Der gemeinsame Nenner all dieser Projekte: Doerells Musik klingt stets filmisch. Und so gelingt es ihm auch trotz der experimentellen Nischenhaftigkeit, von seiner Kunst zu leben. Lizenzierungen und Tantiemen, die er von der Gema bezieht, sind wichtige Standbeine für ihn.
Oliver Doerell
Für den einstigen Posterboy des Berliner Indielabels Kitty-Yo, den Dänen Raz Ohara, der heute Musik zwischen Singer-Songwriter-Elegie und elektroakustischen Experimenten veröffentlicht (zuletzt etwa das wunderbar verhuschte Album „Moksha“ 2014), war Doerell übrigens einst der Begleitmusiker namens The Odd Orchestra. Ohara spielt wiederum auch bei Cummi Flu eine Rolle, obwohl Doerells neuste „Inkarnation“ als Soloprojekt konzipiert ist – „weil mir Mitmusiker manchmal wahnsinnig auf die Nerven gehen“, so Doerell.

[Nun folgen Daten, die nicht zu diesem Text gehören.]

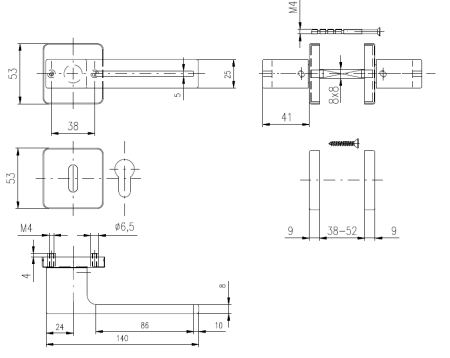Okov za vrata ROSTEX ROSANO/H (MAT INOX)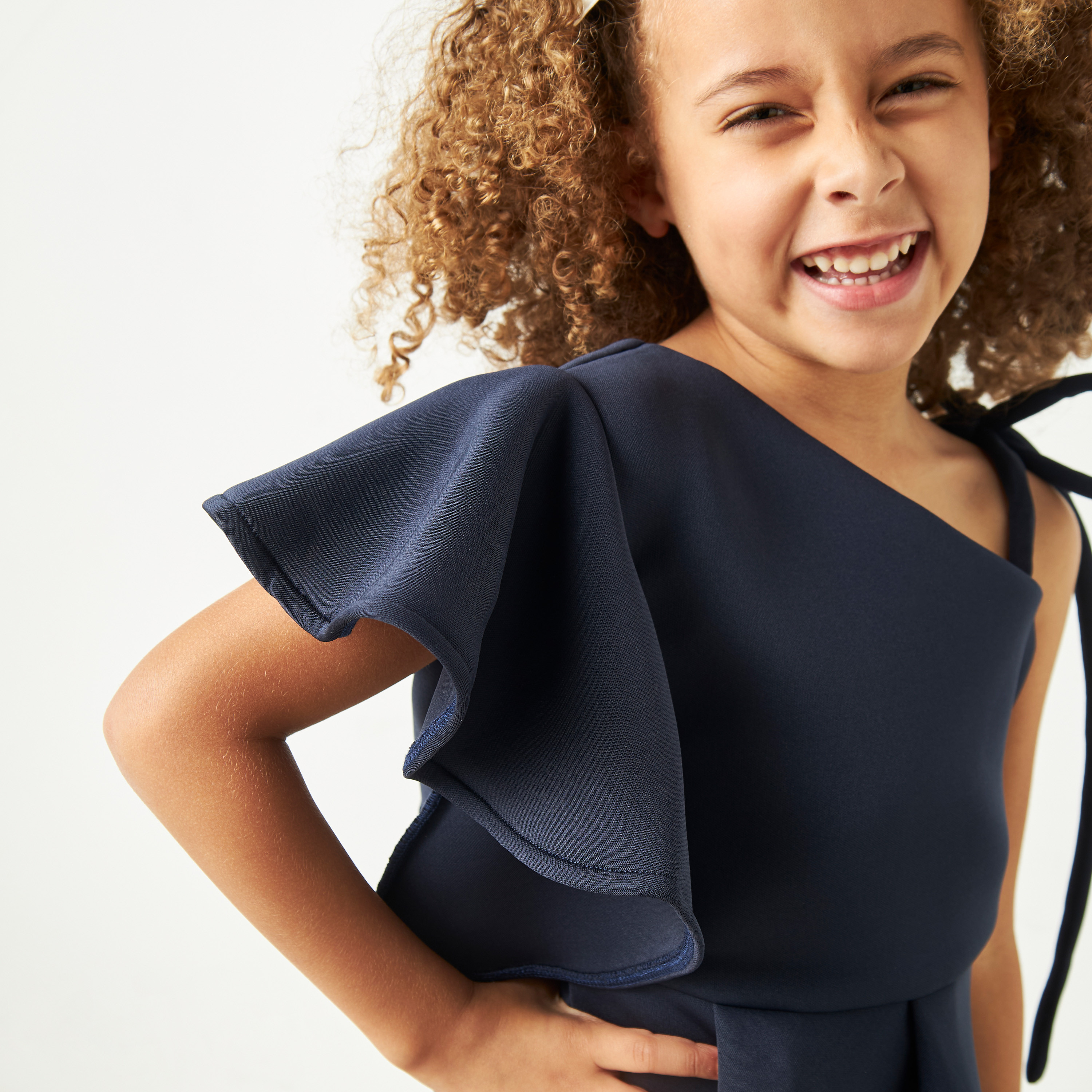 Little Golden Apple Solid One Shoulder Dress with Tie-Up Detail-girls-clothing-dressesandjumpsuits-image-4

Oharas Gesang, mantraartig Fantasiewörter wiederholend, trägt aber zum Sog des Albums bei. Die Wortkreationen fungierten bei ersten Entwürfen als Platzhalter für „richtige“ Lyrics. Doch schnell merkten die beiden, dass sie als echte Texte noch besser funktionierten. Dass „sie vom Ausdruck her qualitativ überlegen waren“, wie Ohara, der beim Interview nicht dabei ist, später in einer Mail erklären wird.
Magnet Brüssel
Gesanglich erinnert Oharas verhallte Stimme an Alan Vega. Der Gesang von Cummi Flu entspricht am deutlichsten Vegas New Yorker No-Wave-Band Suicide. Generell sieht Doerell Parallelen in der Motivation, Musik zu machen. Über kreativen Ursprünge redet der Belgier jedenfalls lieber als über die Frage, wo sie ihn hingeführt hat. Ausgiebig erzählt er von seinen Jahren als Teenager in Brüssel: „In den Achtzigern war das ein bisschen wie Berlin in den Neunzigern.“
Rau, düster, billig – ein Magnet für den internationalen Underground und visionäre Labels. Tuxedomoon, die Avantgarde-New-Wave-Band aus San Francisco ließ sich in der belgischen Hauptstadt nieder, ebenso die israelische Band Minimal Compact. Die lokale Musikszene sei ungeheuer inspirierend gewesen. Damals wollte Doerell jedoch unbedingt ins geteilte Berlin, doch für die Mauerstadt kam er 1991 definitiv zu spät an. Dafür, dass ihn seine damalige Band trotzdem nach Berlin gelockt hat, ist er noch heute dankbar. Die Technoexplosion sei allerdings an ihm vorbeigegangen. „Die hat mich eher genervt, obwohl viele meine Freunde in der Szene aktiv waren. Bands und Konzerte bedeuteten mir schon immer mehr.“
Cummi Flu & Raz Ohara: „Y“ (Albumlabel/Morr Music/Indigo)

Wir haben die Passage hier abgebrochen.